Women’s selection of romance literature is marginalized, in spite of the fact that today’s content categorized under this genre is little different from that deemed LITERATURE! — the big caps, award-winning men-bestowed curriculum-worthy literature like Shakespeare's Much Ado About Nothing or Samuel Richardson’s Pamela, or Henry James’ The Portrait of a Lady.
Women and romance literature are denigrated in spite of the fact romance literature is a thriving business proposition, first as published and then as adapted into other media. Just ask Nicholas Sparks how things are hanging these days.
But we women who are the preponderance of romance lit readers don’t need some whiny op-ed to question our liberation and our satisfaction, let alone a poorly researched, self-selected, unaware answer, or subsequent suggestions about reading material alternatives. We put up with more than enough crap already.
We women continue to lack equity in politics holding 20% or less of seats in Congress [pdf]. When we do get elected to office, we can't even say the word “vagina” while discussing reproductive policy in one state house without being ejected.
We lack equity in business' upper management, in spite of the fact that more than 50% of college students each year are female, and more women support families as heads of household.
Our culture expects to see we women as taking less space due to our under-representation in film and TV roles. We women are too infrequently behind the camera as well.
The science and technology that impacts our lives is too rarely designed and made by women; our research is commonly ignored.
Given these existing conditions at a minimum, it’s no wonder at all why we seek a particular genre of literature when we’re not working. We simply want to be entertained — Calgon, take us away! In this respect, the impetus and outcome are little different than the urge to watch sports, and business journalists aren’t criticizing anyone’s enjoyment of that relatively empty pursuit.
As bestselling romance author Susan Elizabeth Phillips put it, "Romance books are the only books you can read where the woman always wins, and that's very powerful to women," a point hard to argue with after a long day slogging it out for 77 cents to every man's dollar in wages.
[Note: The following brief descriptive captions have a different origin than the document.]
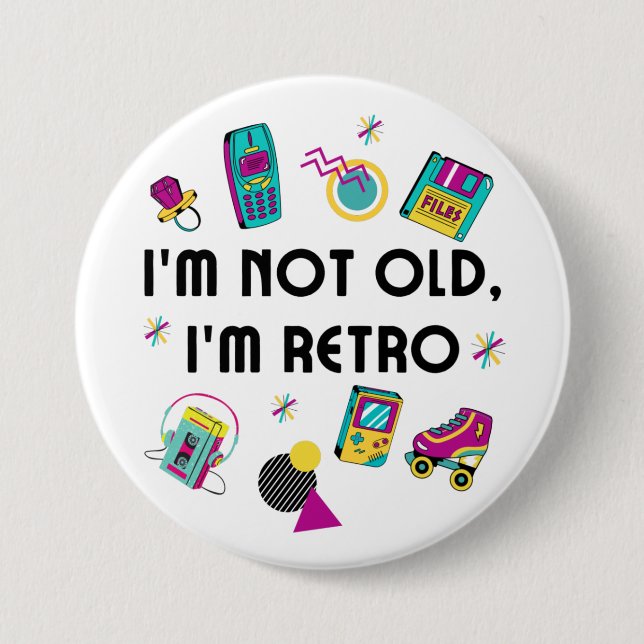 Macaron Rond 7,6 Cm nostalgique rétro néon couleur 80s mémorabilia (Devant)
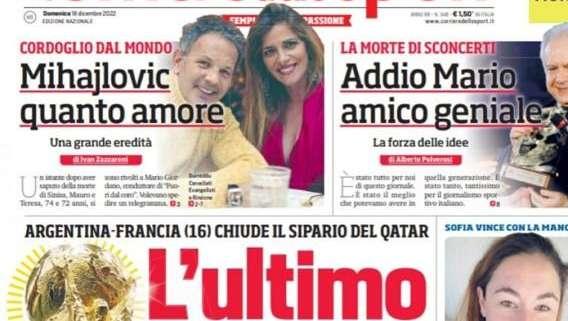 Prima pagina CdS - L'ultimo tango di Leo. Inter, bel pari. Al Napoli Osi e Kvara non bastano
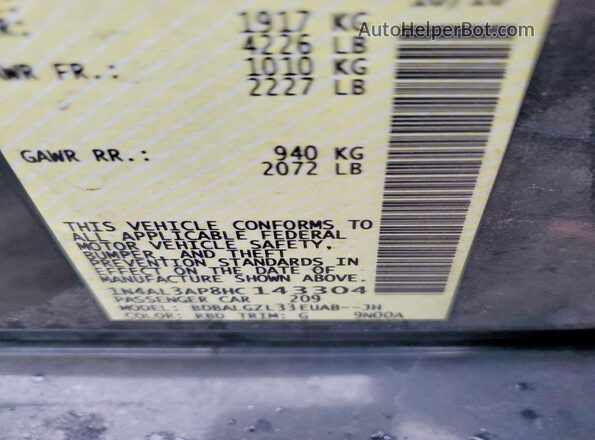 1N4AL3AP8HC143304 2017 NISSAN ALTIMA Black VIN sticker view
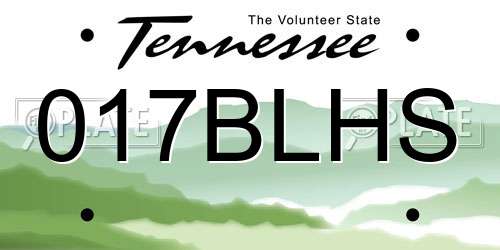 017BLHS Tennessee License Plate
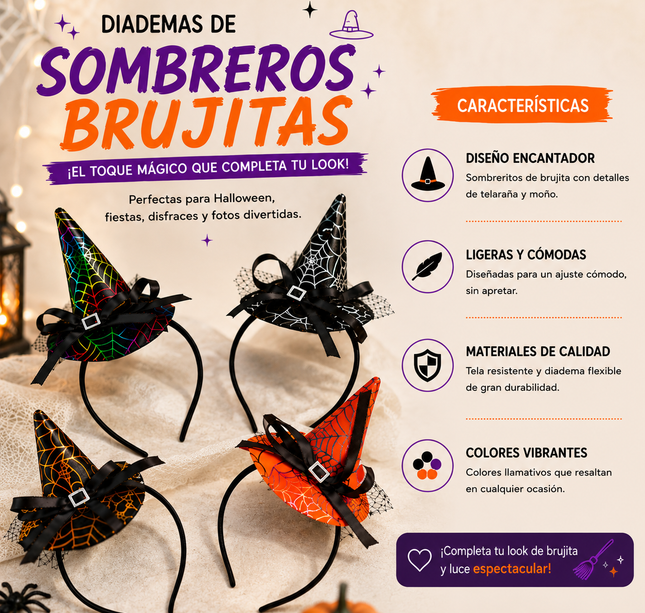 6 Diademas Sombrerito Halloween Brujas $20 c/u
It might be that the male-borne criticism takes unconscious issue with another less obvious attribute in romance literature:
“Romances are, in fact, subversive literature: They encourage women to be dissatisfied with inequality, and to set higher expectations for themselves, and they show them ways to achieve those expectations, largely by taming men and, in a way, usurping their power. Romances are arguably the only art form of any kind that portrays women as equal partners with men.” (Source: Dave Pollard, How to Save the World)
We can’t have 51% of the population seeking out literature that undermines the male-dominated status quo, now, can we?
Let’s recap: Some guy with a 20-plus year career in business journalism got paid to write an evergreen opinion piece to fill out a thin holiday schedule. He questioned women's satisfaction with their liberation, based on his ability to invade some unsuspecting woman's personal space to determine what she was reading.
To him I say this: Take a number and get in line behind all the other absurd inequities women have to put up with every damned day, buddy — then fuck off and stay out of our books.
Count yourself lucky we’re reading and not overthrowing your world and its comfortable illusions.